Das Victoria and Albert Museum in London bietet über eine API kostenlosen öffentlichen Zugang zu seinen Sammlungsdaten. Ich habe es bewusst gewählt, nicht als beliebige kostenlose API sondern weil ich die Institution aus meiner Zeit in London kenne. Die Sammlung des V&A umfasst Mode, Textilien, Keramik, Möbel und Design aus Kulturen und Jahrhunderten – ein reiches und vielfältiges Datenset, das dem entspricht, was ein echter Sammler oder ein kleines Museum besitzen könnte.

Die API liefert strukturierte Objektdatensätze mit Systemkennzahlen, Objekttypen, Datierungen, Künstler- und Herstellernamen, Herkunftsorten, Inventarnummern und IIIF-Bild-URLs – alle Felder, die ein Sammlungsverwaltungstool benötigt.

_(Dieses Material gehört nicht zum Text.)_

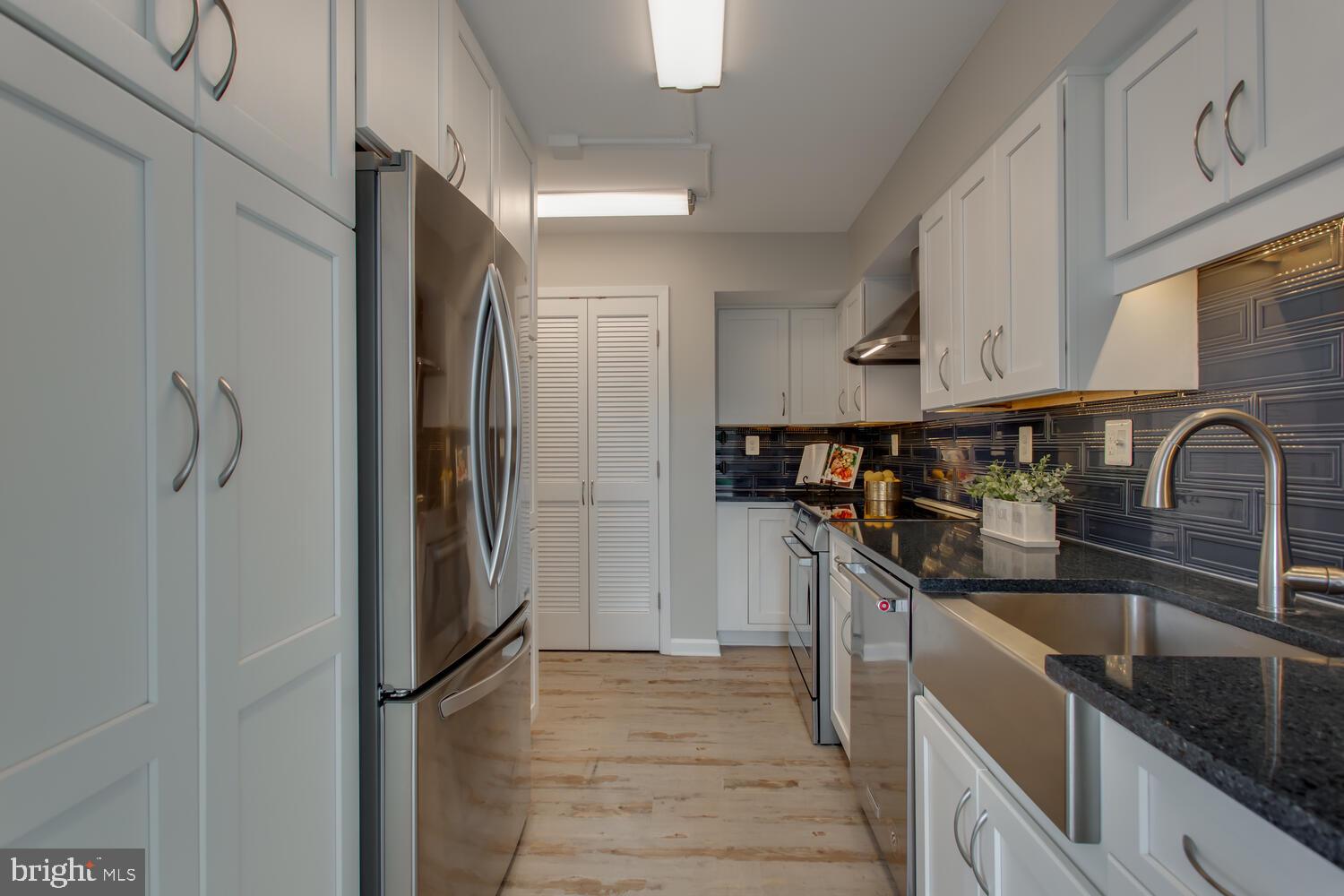 1808 OLD MEADOW ROAD 1009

V&A-Sammlungsdaten in der Anwendung dargestellt


Mein Beitrag

Was ich eingebracht und was ich entwickelt habe

Über das gesamte Projekt – von Konzept bis Code

  • Das Konzept entwickelt – das reale Problem aus der Museumsarbeit in London identifiziert, das Projektbriefing geschrieben und den MVP-Umfang definiert
  • Die ersten Wireframes im UI-Design-Kurs erstellt – Dashboard, Suchergebnisse und Einzelansicht, die den finalen Aufbau geprägt haben
  • Die Vite- und React-18-Projektgrundlage eingerichtet, ESLint für das Team konfiguriert und die Ordner- und Komponentenstruktur festgelegt
  • Die V&A-Einzelansicht entwickelt – useParams-Routing, IIIF-Bilddarstellung, strukturierte Metadaten mit sinnvollen Fallbacks für fehlende Felder
  • Komponentenbezogenes CSS mit Mobile- und Tablet-Breakpoints durchgehend geschrieben
  • Das Frontend mit der Backend-REST-API integriert – Axios, Ladezustände, Fehlerbehandlung, JWT-Authentifizierungsablauf
  • Den Frontend-GitHub-Branch verwaltet – 341 Commits, Pull-Request-Review, Merge-Konfliktlösung

Code-Beispiel

SearchResultsItem – Komponente und CSS

Die individuelle Objektdetailseite – die zentrale Ansicht der Anwendung. useParams extrahiert die V&A-Systemkennzahl aus der URL, das passende Objekt wird in den Daten gefunden und die IIIF-Bild-URL wird inline konstruiert, um eine 500px breite Version des Museumsfotos anzufordern.

SearchResultsItem.jsx

SearchResultsItem.CSS

Was das zeigt

useParams extrahiert die V&A-Systemkennzahl aus der URL – jedes Museumsobjekt ist direkt verlinkbar, ohne zusätzliches State-Management. Die IIIF-Bild-URL wird inline über ein Template Literal konstruiert und fordert eine standardisierte 500px breite Version des Museumsfotos an – ein Format, das ich aus der Arbeit mit digitalen Museumssammlungen in London kannte. Jedes Metadatenfeld verwendet einen ternären Fallback, da V&A-API-Daten für viele historische Objekte unvollständig sind. Das CSS ist in einer separaten Datei komponentenbezogen, mit Mobile- (600px) und Tablet-Breakpoints (1023px), die das Layout auf allen Bildschirmgrößen nutzbar halten.


Prozess & Praxis

Was ich gelernt habe

Von Konzept zu Code

Ein Projekt von einem realen beobachteten Problem über das Wireframe-Design bis hin zu einem funktionierenden React-Frontend zu führen hat mir End-to-End-Erfahrung in einem Produktentwicklungszyklus gegeben – denselben Prozess, den ich in der Bekleidungsproduktentwicklung durchlaufen hatte, nun auf Software angewendet. Das Briefing, die Wireframes und der finale Aufbau sind dasselbe Projekt in drei verschiedenen Stadien.

Mit echten Daten arbeiten

Die V&A-API liefert uneinheitlich strukturierte Datensätze für Objekte aus Jahrhunderten und Kulturen. Das durchgehende Entwickeln defensiver Darstellung mit ternären Fallbacks wurde zu einer Disziplin, die sich direkt auf CMS-Arbeit übertragen lässt – Inhaltsfelder sind oft leer, und die Oberfläche muss damit umgehen können, ohne zu brechen.